Students often ask Wu what they should do when they have hit a bottleneck in their practice. He said he always tells them to keep practicing.

That simple answer is based on the philosophy that a kendoka does not really know what kind of strike or move will succeed, but if they keep practicing the basics, sooner or later they will find that the problem has vanished, Wu said.

He said that not being able to wield a sword and continue to spar would be more of a setback than losing a bout.

Wu said he almost died in a car crash when he was 64 that left him with a badly broken right leg. The doctor had to put a pin in his leg, and Wu said he told him: “You must fix my leg. I want to participate in the next World Kendo Competition.”

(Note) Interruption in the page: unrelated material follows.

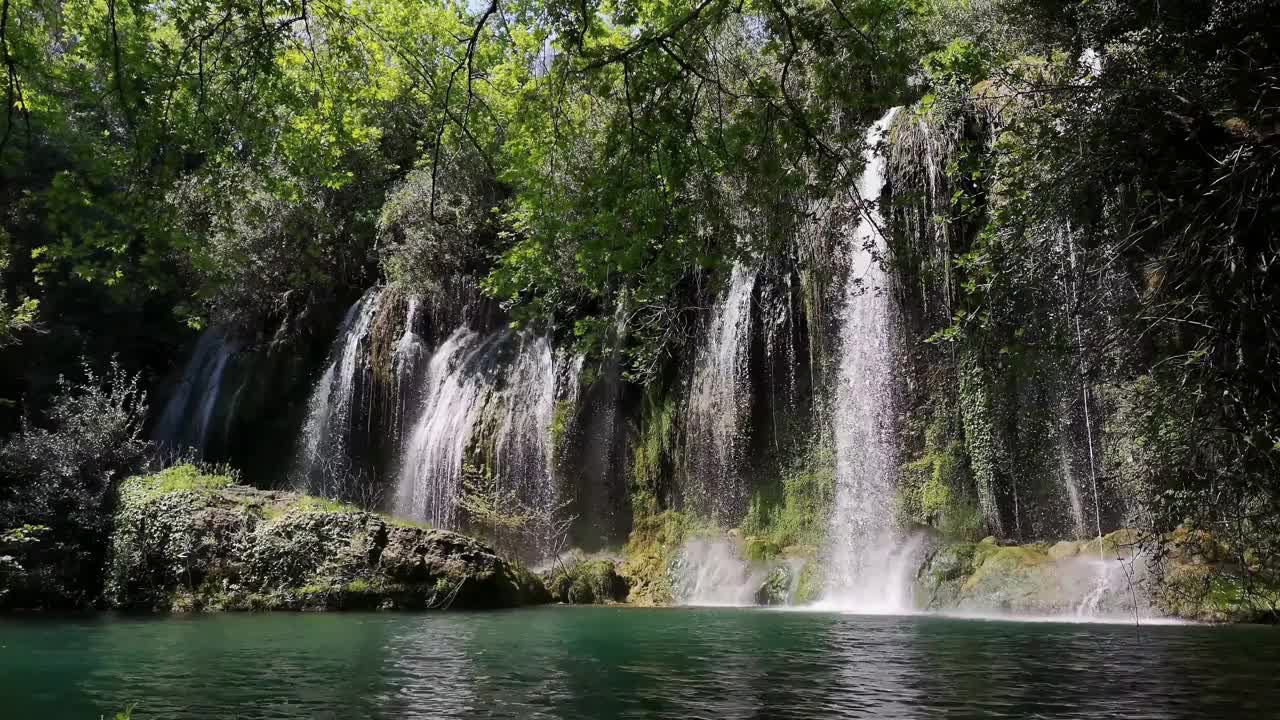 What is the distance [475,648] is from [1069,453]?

Despite the long road to recovery, Wu returned to the top.

Like his own sensei, Wu is a strict teacher and often corrects the slightest error in posture or movement with a prompt thwack of his bokuto.

After a class ends, he is more of a grandfather, his students said.

“It is common for one to feel some measure of difficulty when pursuing a hobby or interest,” Wu said.

However, “kendoka should always try to remember what it was they wanted when they started learning kendo,” he said.

“Kendo is not just a sport that trains one’s body physically, it also seeks to discipline the mind,” he said.